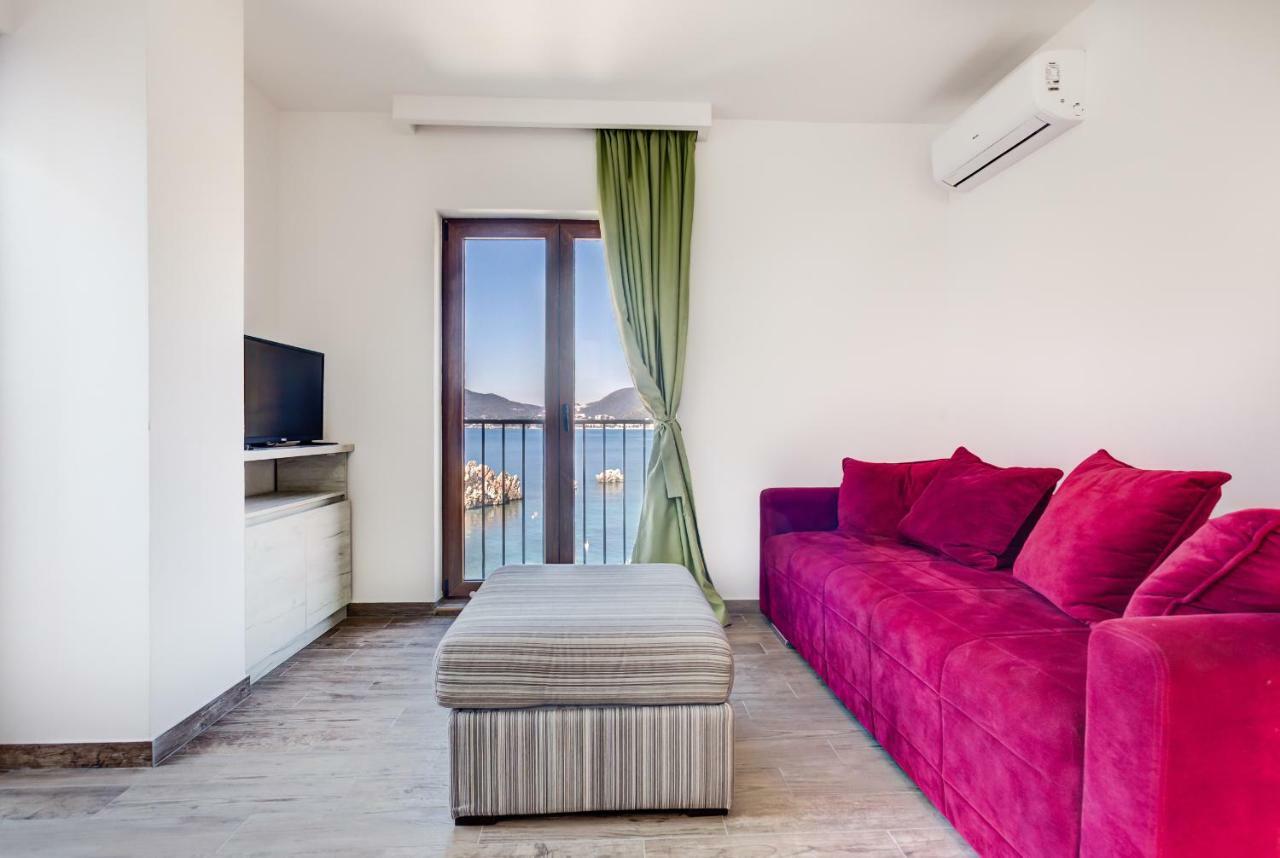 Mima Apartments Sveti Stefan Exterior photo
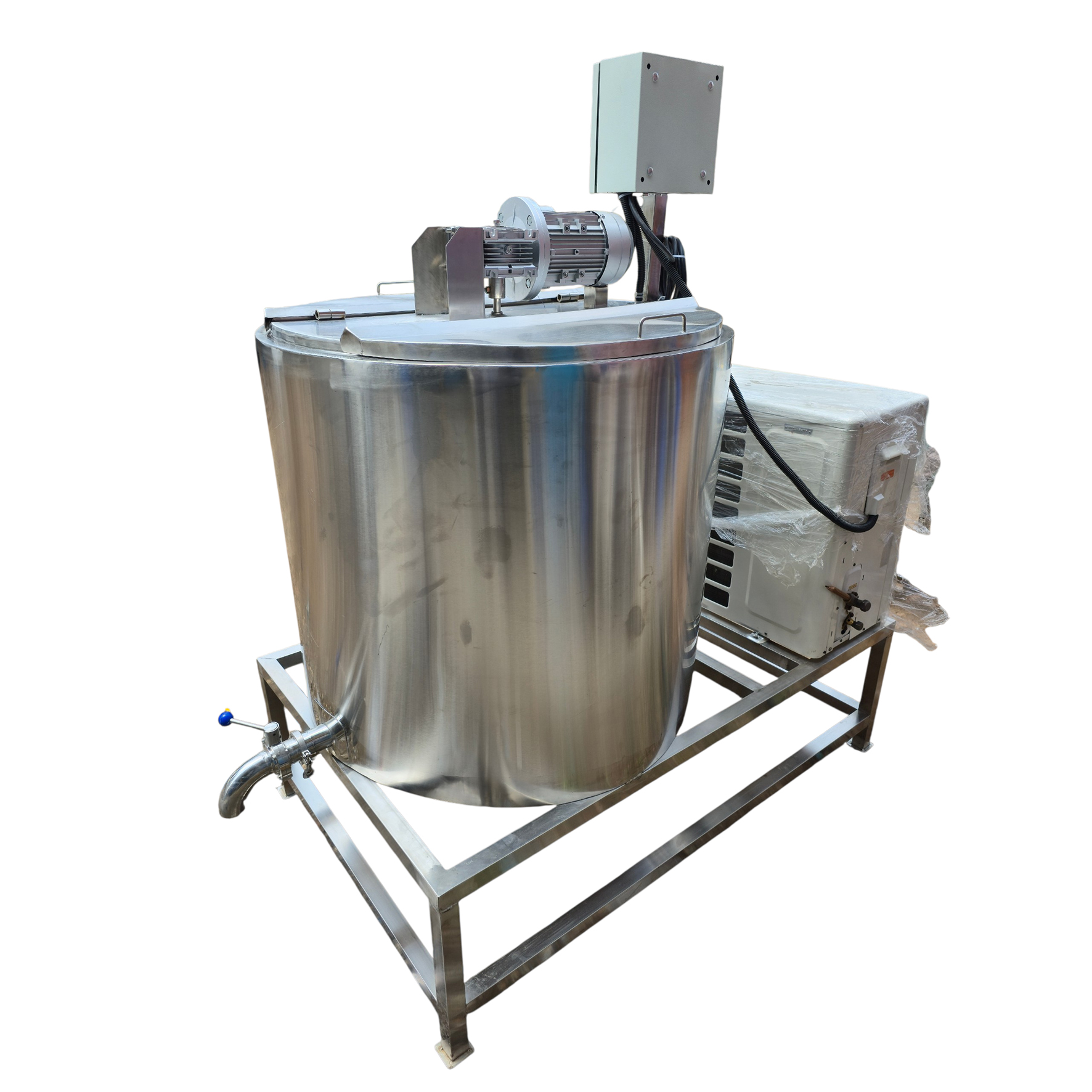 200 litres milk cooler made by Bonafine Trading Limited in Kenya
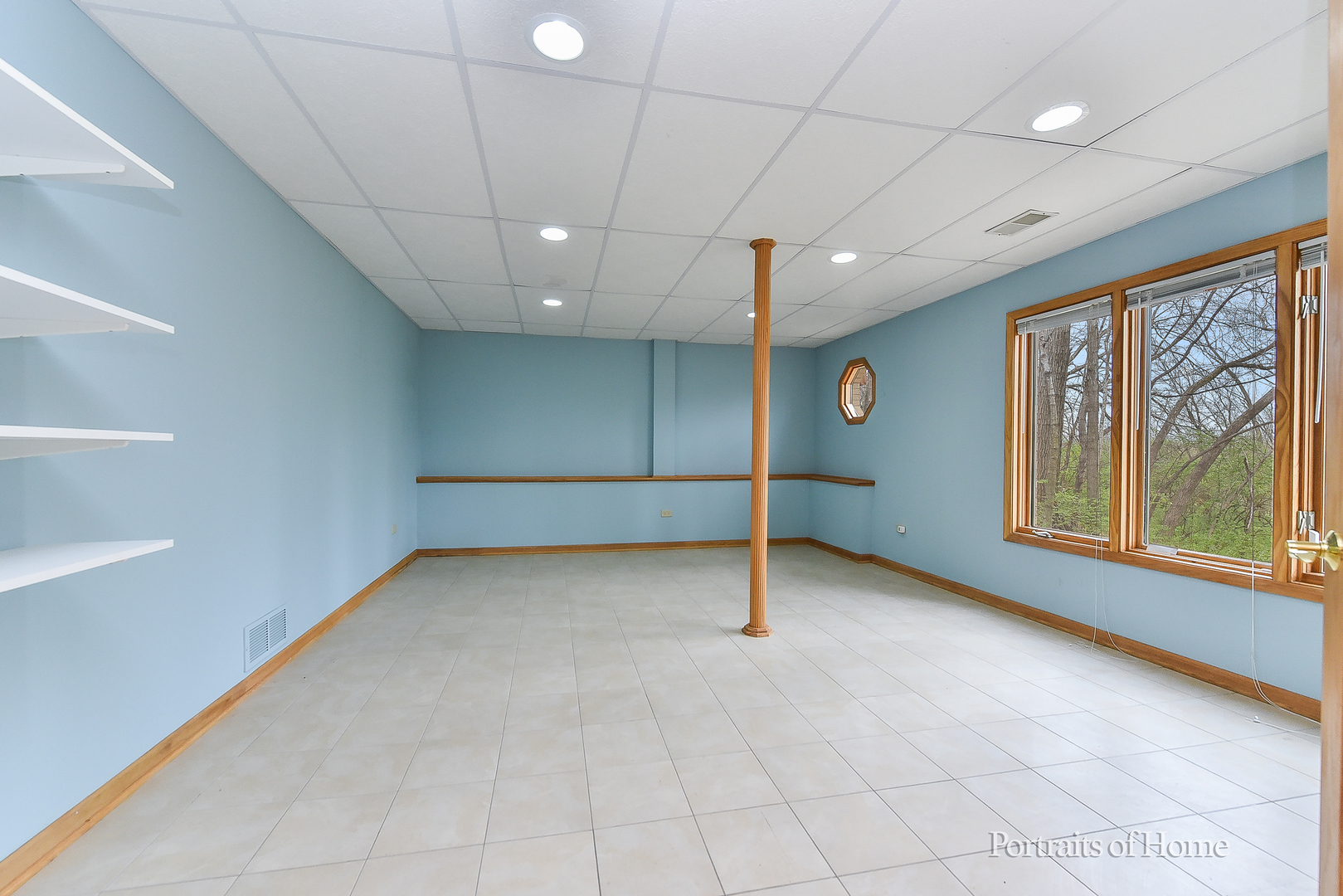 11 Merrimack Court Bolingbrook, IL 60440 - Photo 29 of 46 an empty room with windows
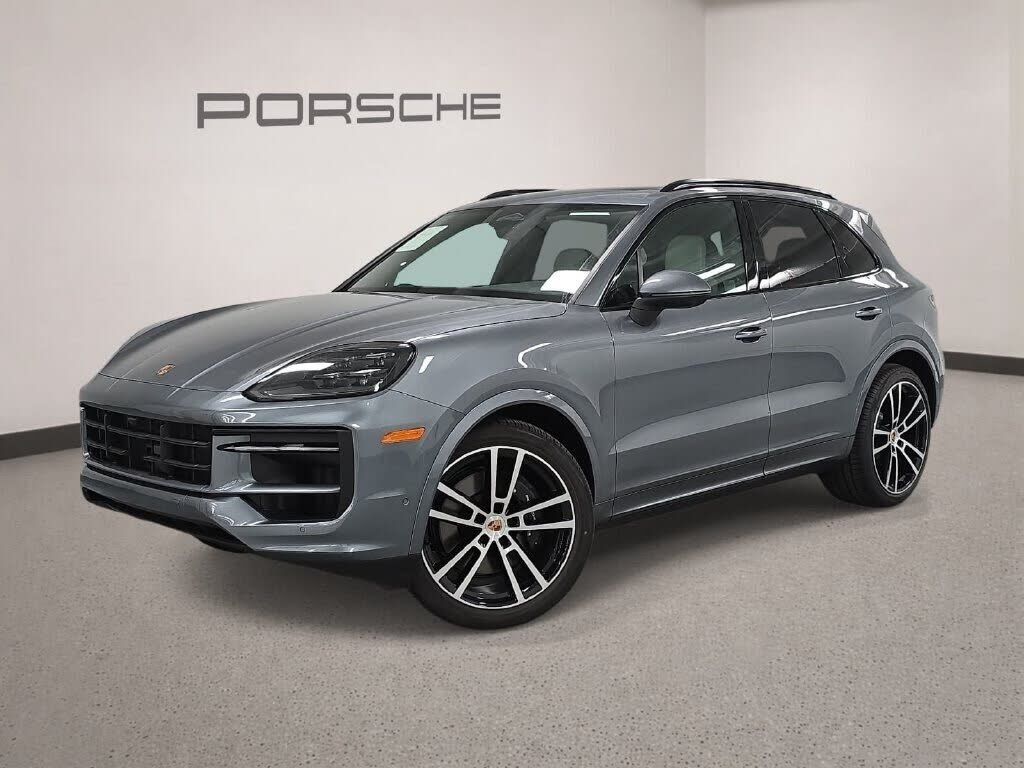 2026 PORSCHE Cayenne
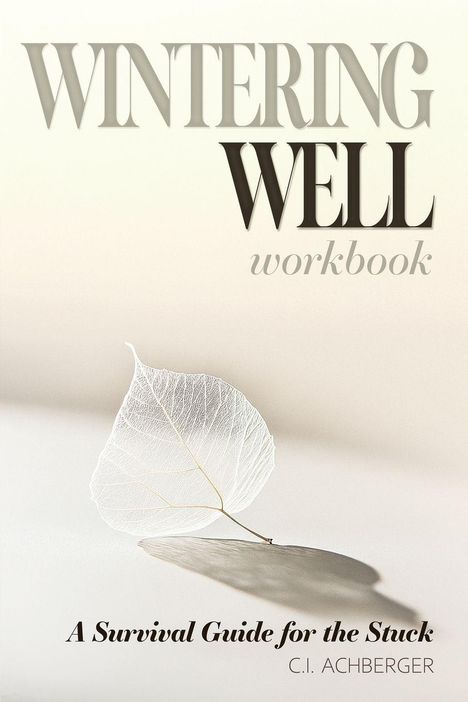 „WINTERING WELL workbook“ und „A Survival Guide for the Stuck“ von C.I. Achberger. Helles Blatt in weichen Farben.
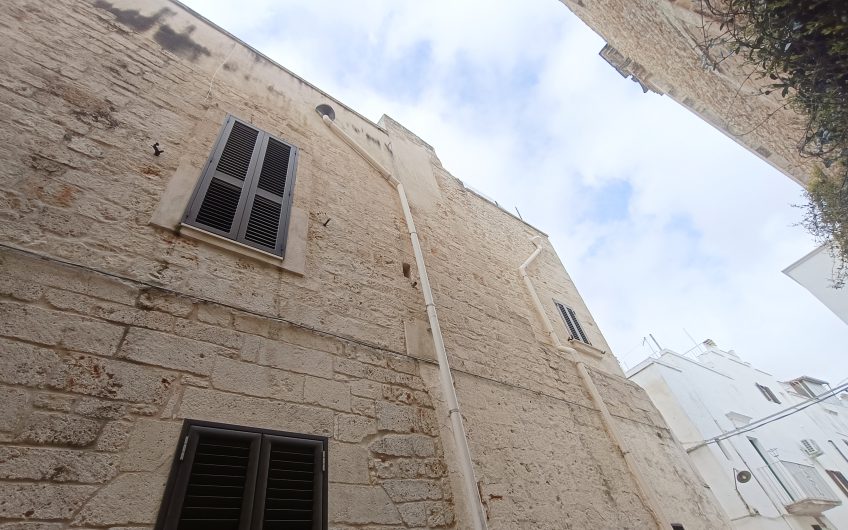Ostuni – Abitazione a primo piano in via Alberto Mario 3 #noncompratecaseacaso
────────────────
--- Prompt ---
Both the line containing "200 litres milk" and the last line of the records above belong in the exact copy, along with every line between them; pictures do not.

--- Answer box ---
 200 litres milk cooler made by Bonafine Trading Limited in Kenya
 11 Merrimack Court Bolingbrook, IL 60440 - Photo 29 of 46 an empty room with windows
 2026 PORSCHE Cayenne
 „WINTERING WELL workbook“ und „A Survival Guide for the Stuck“ von C.I. Achberger. Helles Blatt in weichen Farben.
Ostuni – Abitazione a primo piano in via Alberto Mario 3 #noncompratecaseacaso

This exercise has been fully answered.